On the date itself, she pays attention. She’s listening to what he says, his behavior, his body language. She is noting what she likes about him, but also those things that turn her off. She is deciding whether or not there will be a second date, or any relationship potential.
Most women prefer men to make the first move, but that is changing. Women are now starting to take charge of their own dating experiences. For the most part, women still want men to approach them, message first, and ask them out. They want men to take charge of planning and paying for the date, at least when they meet for the first time. Women perceive this as confidence, interest and maturity. Of course, she can pay and plan for it herself, but it’s much more attractive when a guy takes charge.
If they like a guy, women tend to move more quickly in the dating process and get emotionally attached early on, whereas men feel initial sexual attraction and use the dating process to determine if there’s an emotional connection.
A Man’s Approach to Relationships
Contrary to popular opinion, the overwhelming majority of men are looking for a real relationship, not just a hook-up. Plus, they tend to be romantic and believe in love at first sight much more than women do, as explained in Match’s annual Singles in America study. But there is a difference in a man’s approach.
It’s not a myth that men consider how a woman looks and his sexual attraction to her first, before anything else. This is the beginning of the dating process for him. If there is an attraction, he wants to see where it leads. He will pick up on her body language. He’ll probably engage her in flirty conversation. He’s not analyzing every word she says – he is considering his overall feelings for a woman.
Most men take longer than women to form an emotional attachment. If they have sex early on, it doesn’t mean a man will feel closer to a woman. He usually takes more time in deciding if a casual relationship or date will lead somewhere. But once he is interested in something serious, he is not shy about letting her know. Men like to pursue.
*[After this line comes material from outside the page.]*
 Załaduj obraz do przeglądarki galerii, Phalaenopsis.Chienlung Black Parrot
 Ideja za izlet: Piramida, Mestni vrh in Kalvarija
Men also thrive on taking care of women. This doesn’t mean that women lose their independence, but it does mean that he wants to be romantic, or do things for her, or help her when he can – and it’s important for the woman to let him. He might not do things the way his date would like, but if she acknowledges his efforts, it goes a long way toward building the relationship. Men tend to be more pragmatic – they don’t grow close over long, intimate talks like women. Instead, they take thoughtful action. For example, if she mentioned she likes Italian restaurants, he shows his affection by making plans for their next dinner at an Italian restaurant.
Are men really from Mars, and women from Venus?
When you know how the opposite sex thinks about dating, you can get a budding relationship off to a good start and help it grow in a positive direction. Both men and women can complement each other in a good relationship, even though they think and act differently. The important thing is to cultivate more understanding and appreciation for those differences.